**WHAT THIS TASK INVOLVES**: I'd like the entire listing output verbatim, apart from the pictures.

**SOURCE MATERIAL**:
- Opening Delimiter -
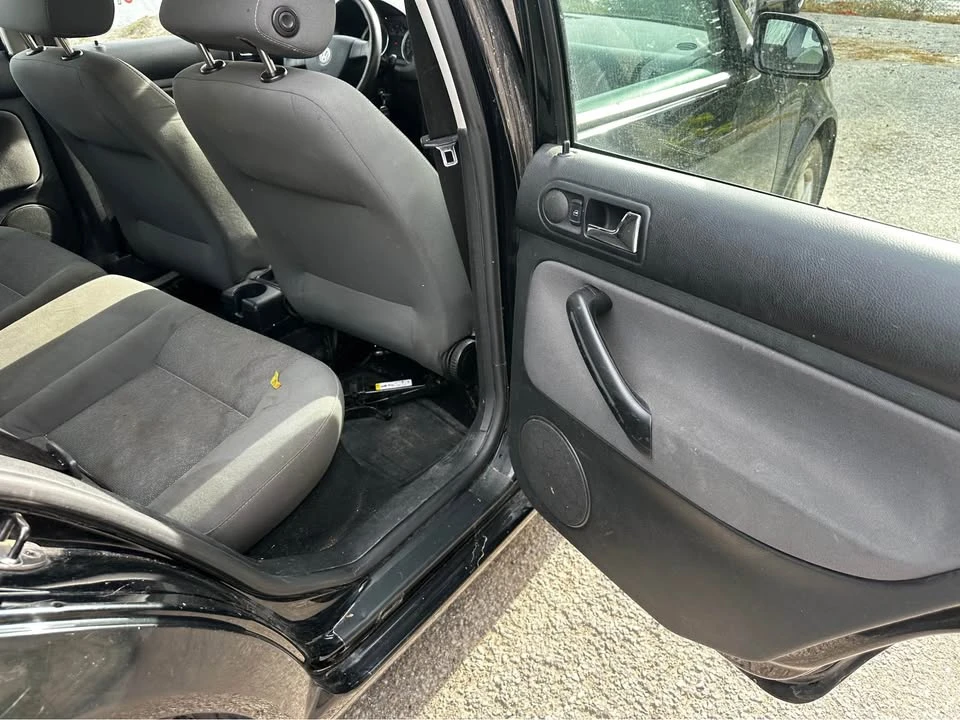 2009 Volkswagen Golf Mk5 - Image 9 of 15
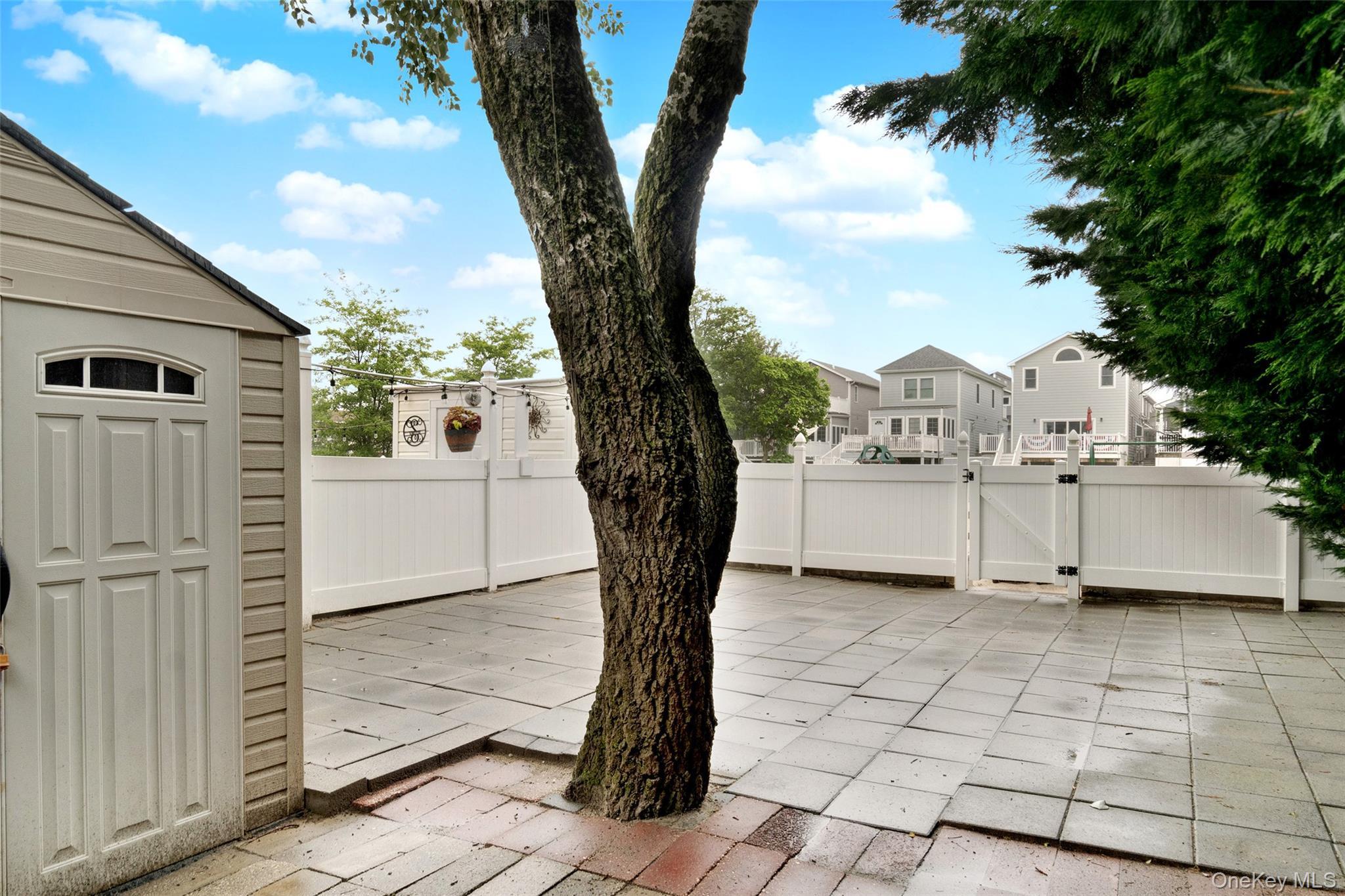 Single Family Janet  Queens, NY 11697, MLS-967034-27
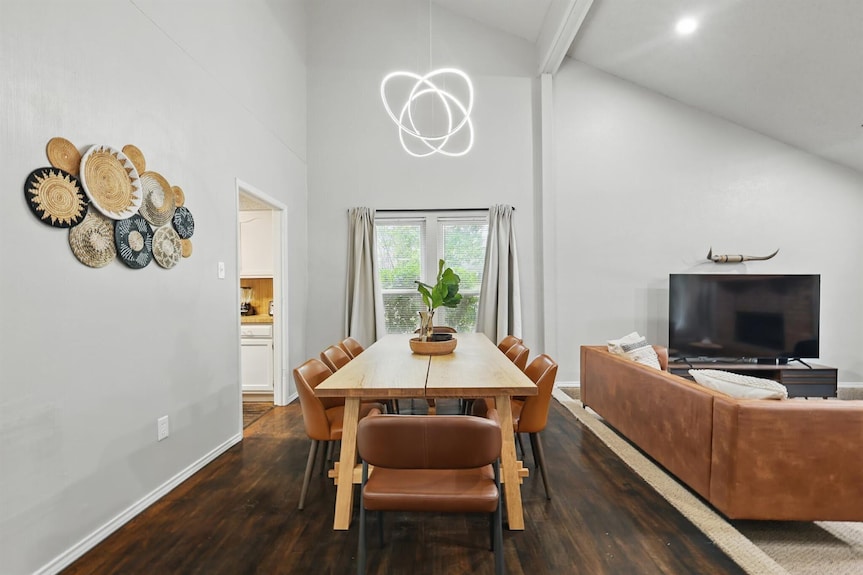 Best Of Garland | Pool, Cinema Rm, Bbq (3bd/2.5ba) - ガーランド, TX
- Closing Delimiter -
**EXERCISE OUTPUT**:
 2009 Volkswagen Golf Mk5 - Image 9 of 15
 Single Family Janet  Queens, NY 11697, MLS-967034-27
 Best Of Garland | Pool, Cinema Rm, Bbq (3bd/2.5ba) - ガーランド, TX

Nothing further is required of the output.